School started last Sunday. Tomorrow is the start of the 2nd week of classes. I have found a job teaching/tutoring English in a private English center. The job pays really well--double minimum wage. It's fun, challenging, and frustrating all at the same time.
As for school: all my classes meet once a week, for 4 hours at a time. This is not necessarily the way the program is designed, but these are the courses I've chosen.
Sunday: Beginning Arabic, taught by an amazing professor. She has her doctorate from Harvard in Semitic languages. She is originally American, made aliyah 4 years ago, knows English, Hebrew, Modern Standard Arabic, Biblical Hebrew, Egyptian Arabic, and is working on her Jerusalem Arabic. (More later on the different "dialects" of Arabic). We learned the beginning of the alphabet: alif, bet, teh, th, wow, and yeh. It seemed really hard at first, but now it's starting to come together.

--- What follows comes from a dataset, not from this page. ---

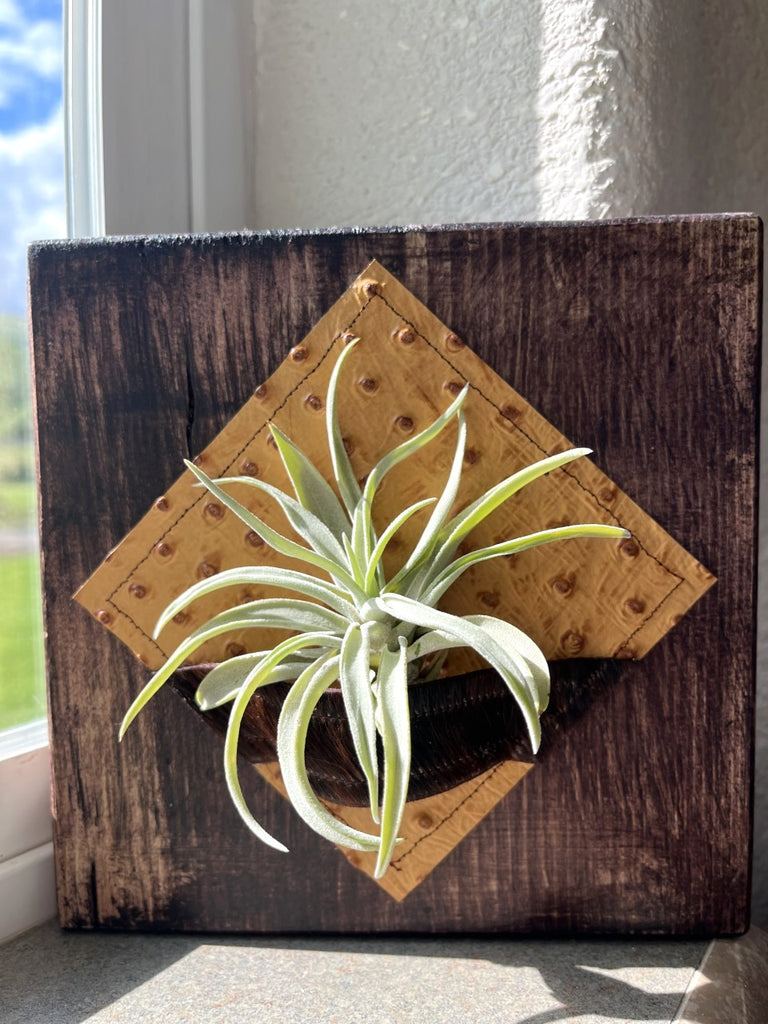 Air Plant Desk Plaque w/ Embossed Ostrich Leather custom made to order in the USA - Your Western Decor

Monday: The Production of Resistance in Arab Societies and Beyond. This class reminds me of the Mass Communications classes I took when I was a Mass Comm major at Berkeley. In our first meeting, we talked about Foucault (who I absolutely despise from my experience reading him in the worst class I ever took at Cal--Indian History) and listened to an Egyptian resistance song. Half of the classes will be taught by a Palestinian professor, who recently published a book entitled "Palestinian Political Prisoners: Identity and Community." First reading this weekend was about hegemony.
Tuesday: Ottoman State and Society: Themes in History and Historiography. This class is a little dry, but it seems to be important for understanding the Middle East. Reading so far has included Hourani and some methodological texts. Like I said, not the most thrilling, but important.
Wednesday: Israel/Palestine: Politics of Land and Identity. This is what I've been looking forward to. Last week, our class met on the 12th anniversary of Yitzak Rabin's assassination. This topic was the lead in to our discussion. From Rabin's assassination, one sees so many of the problems going on here: religious vs secular, arabs vs israelis, ashkenazim vs sepharadim, and so on. We then went on to talk about the history of how Israel got to be in its current state, since the Second Diaspora.
I listed 3 classes and Arabic. I will be taking a fourth class, a mini course on the Muslim Mediterranean City (3 weeks of 12 hrs per week) at the end of the semester. It's taught by a Harvard professor.
Am leaving soon to take the bus back to Beer Sheva after the weekend in Tel Aviv.